INTERVIEW: Ross Mathews Relives ‘Tonight Show’ and ‘Chelsea Lately’ Tales in New Book

Over 12 years ago, Ross Mathews was fetching coffee as a “Tonight Show” intern when he was approached with an opportunity that would prove to be the biggest break in his career: producers asked him to cover the red carpet for the premiere of “Oceans 11” when another comedian couldn’t make it. Despite his self-doubts, Mathews went in to the project with a plan.

“I’m self-aware. I know that when I open my mouth and start talking on this national television show, that the audience was gonna start laughing at me,” Mathews told me in studio on “The Ralphie Show.” “I decided… just make sure you get them laughing with you by the end.”

Jay Leno’s audience laughed as Mathews befriended some of the biggest names in Hollywood at star-studded events, and soon Mathews grew an audience of his own. He now is set to debut a new talk-show on E!, and is making the media rounds to promote his new book, “Man Up! Tales of My Delusional Self-Confidence.” His success can be attributed to not just Leno’s confidence in him, but also that of comedian Chelsea Handler.

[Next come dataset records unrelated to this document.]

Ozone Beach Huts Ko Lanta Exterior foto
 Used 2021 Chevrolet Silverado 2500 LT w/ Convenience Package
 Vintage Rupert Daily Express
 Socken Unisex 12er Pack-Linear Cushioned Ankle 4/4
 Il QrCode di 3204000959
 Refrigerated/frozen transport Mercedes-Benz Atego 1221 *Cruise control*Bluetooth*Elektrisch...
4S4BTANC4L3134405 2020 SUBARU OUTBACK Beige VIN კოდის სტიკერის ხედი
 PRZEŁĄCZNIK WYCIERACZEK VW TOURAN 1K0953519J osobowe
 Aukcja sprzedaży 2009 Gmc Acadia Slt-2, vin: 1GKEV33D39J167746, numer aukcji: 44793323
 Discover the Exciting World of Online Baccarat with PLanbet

“Most comics are kind of insecure,” explained Mathews. “So I’ve been luck with not only Jay Leno of course, but now people are seeing with Chelsea like, everyone can win. That’s something she says all the time. There’s room for everybody. When she’s gone, she lets me guest host her show.”

But the entertainer said that while Handler has a sweet side, she ultimately isn’t that different from what her audience sees on TV nightly.

“She’s exactly the same,” he said. “She is biting, and hilarious.”

Handler recognized Mathews rising star by offering him both the opportunity to write this book and shoot a pilot for the aforementioned talk show. His program will debut this fall.

“’Man Up!’ I define as this: yunno you are what you are what you are, and you have to celebrate what makes you different,” he said. “I think you have to use what makes you different to stand out… because that’s when things really happen.”

Mathews cautions that while his tale is one of a small-town boy who grew up on a farm and is gay, the moral of the story doesn’t concern your sexual orientation. But, when you look back at where entertainment was 12 years ago when Mathews first entered our TV sets, it is almost unfathomable.

“This is before ‘Will and Grace,’ before ‘Queer Eye for the Straight Guy,’” recalls Mathews. “I remember being a kid and not knowing what a happy, successful, grown-up, gay person looked like.”

Now, all someone has to do is look at Mathews to see how one fits that description.